Shelly Anderson, an Apple Valley first-grade teacher, hoisted an orange plastic toy rifle and put herself in the shoes of a police officer responding to a knife-wielding parent in a school's administrative office.
Her partner, Rosemount High School teacher Alicia Blaz, raised a toy handgun as the pair shouted at a video screen, asking the man to drop his weapon as a secretary cowered nearby. Moments later, two virtual shots dropped the actor after he pointed his knife at them.
"I think I did pull the trigger," Anderson said, after initial confusion.
Anderson and Blaz are among the roughly two dozen teachers from the Rosemount-Apple Valley-Eagan School District taking part in a four-week Teachers Academy with local law enforcement authorities.

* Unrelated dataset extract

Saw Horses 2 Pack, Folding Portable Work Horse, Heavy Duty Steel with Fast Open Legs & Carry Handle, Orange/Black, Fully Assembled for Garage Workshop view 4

The officers aren't trying to train the teachers to use deadly force. But they do want the teachers to learn about the challenges police face when they respond to emergencies. It's the latest partnership between law enforcement officers and educators at a time when, they say, preparing for a shooting on campus is as necessary as fire and tornado drills.
The academy is a shortened spinoff of the typical citizen academies that introduce residents to police procedures. This version caters to school officials, with instruction by officers from all three cities in the district. The sessions cover topics from the use of force to surveying a building for suspects.
Joe Marshall, an Eagan detective who is coordinating the Teachers Academy, said it is modeled after a previous Burnsville program. The four-hour session at a training facility in Rosemount was the second of the group's four meetings this month.
Though the program is meant to give the teachers perspective on policing techniques — one exercise included a brief jolt from a Taser — preparedness for school violence was on the minds of many participants.